▸ WHAT YOU HAVE TO DO:
Could the lines from the line bearing "Mid Century Modern" to the end of the records below be copied exactly, with the pictures left out and no other lines added?
** Opening DATA SECTION block **
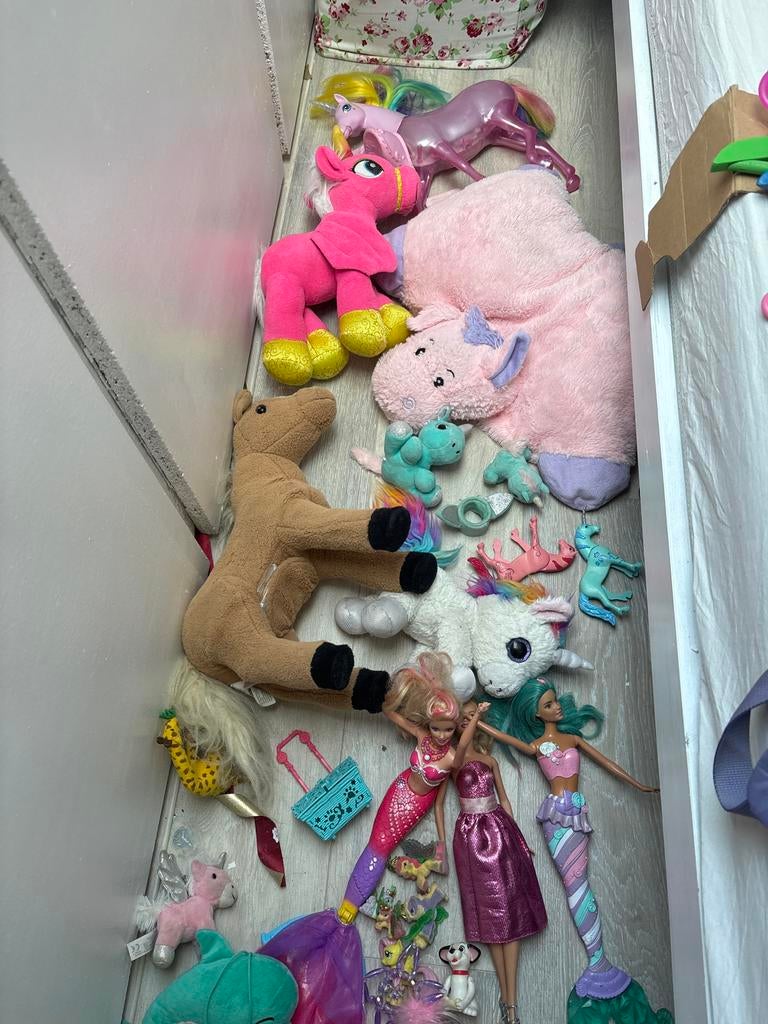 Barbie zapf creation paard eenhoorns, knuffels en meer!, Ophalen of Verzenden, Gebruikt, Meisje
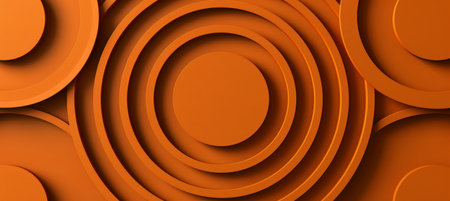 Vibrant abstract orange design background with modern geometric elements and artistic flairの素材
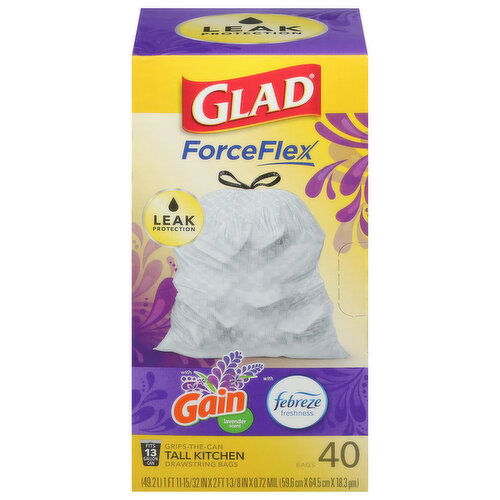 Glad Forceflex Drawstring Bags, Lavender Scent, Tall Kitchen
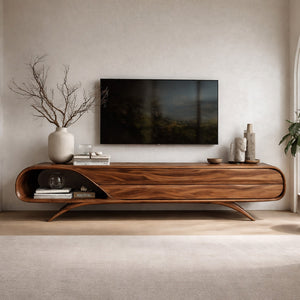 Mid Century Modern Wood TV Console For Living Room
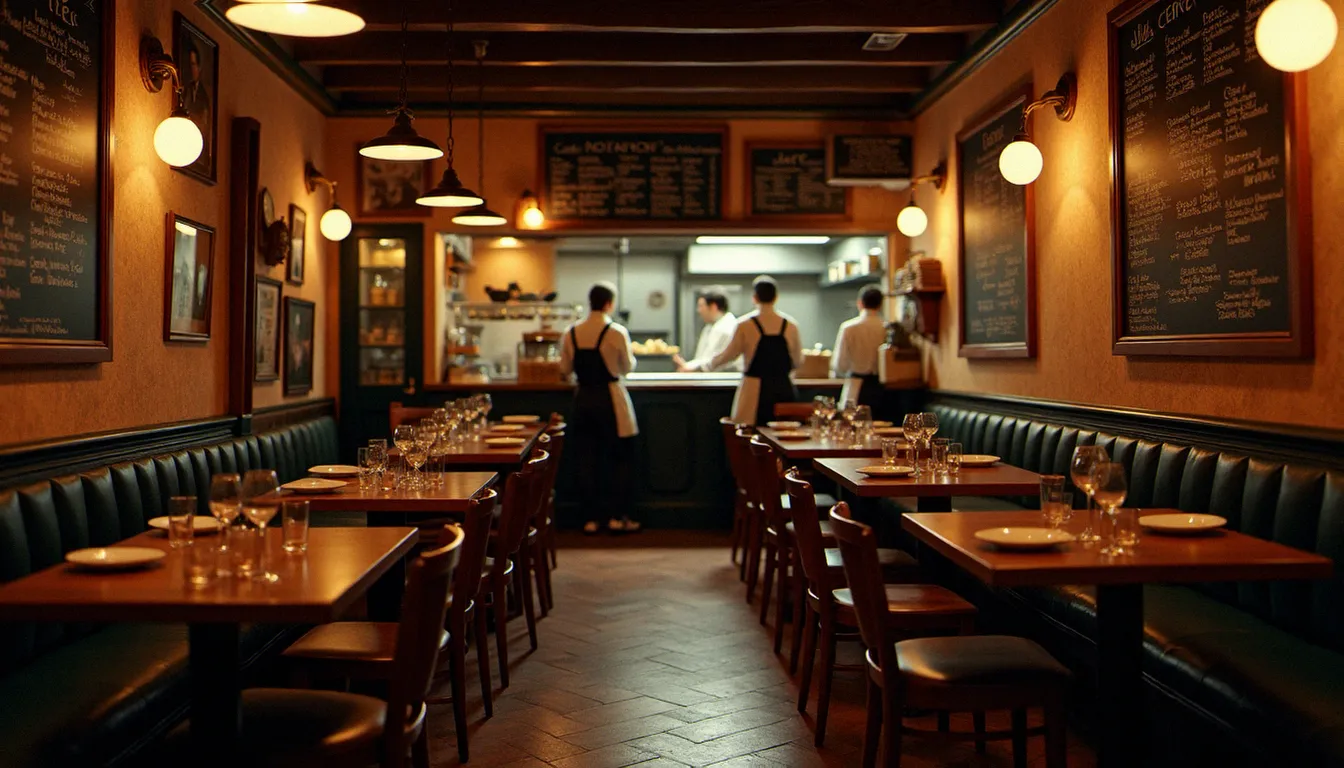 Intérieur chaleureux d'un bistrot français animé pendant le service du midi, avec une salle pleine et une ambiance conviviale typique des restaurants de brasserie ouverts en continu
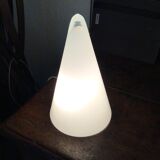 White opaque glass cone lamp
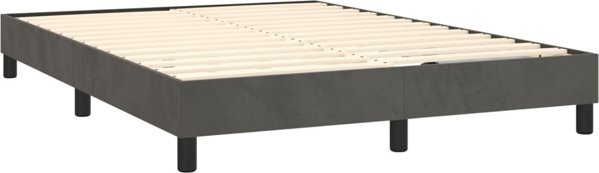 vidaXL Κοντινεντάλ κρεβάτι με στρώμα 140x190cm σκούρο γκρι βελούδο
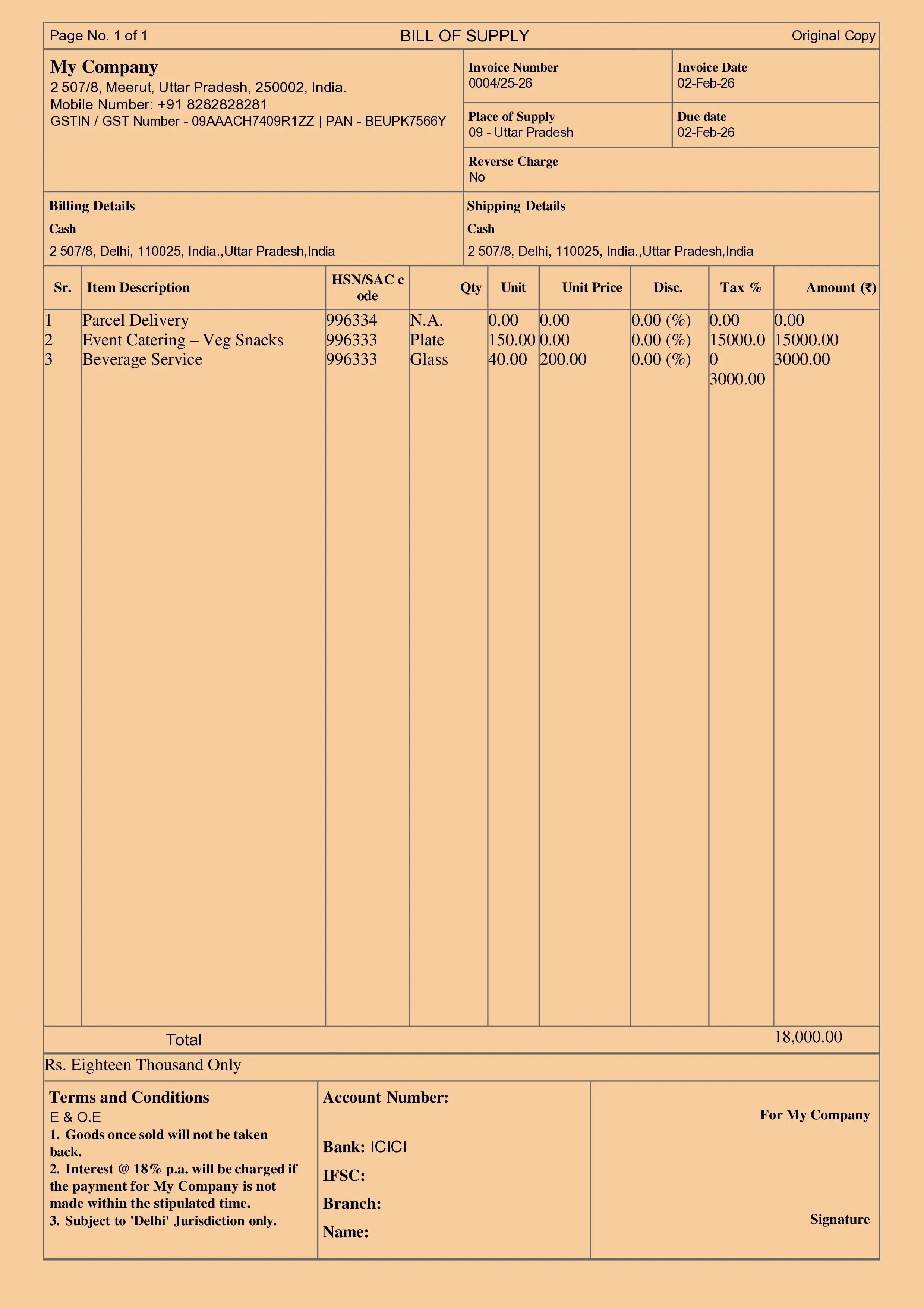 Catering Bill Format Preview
** Closing DATA SECTION block **
▸ WRITTEN RESPONSE:
 Mid Century Modern Wood TV Console For Living Room
 Intérieur chaleureux d'un bistrot français animé pendant le service du midi, avec une salle pleine et une ambiance conviviale typique des restaurants de brasserie ouverts en continu
 White opaque glass cone lamp
 vidaXL Κοντινεντάλ κρεβάτι με στρώμα 140x190cm σκούρο γκρι βελούδο
 Catering Bill Format Preview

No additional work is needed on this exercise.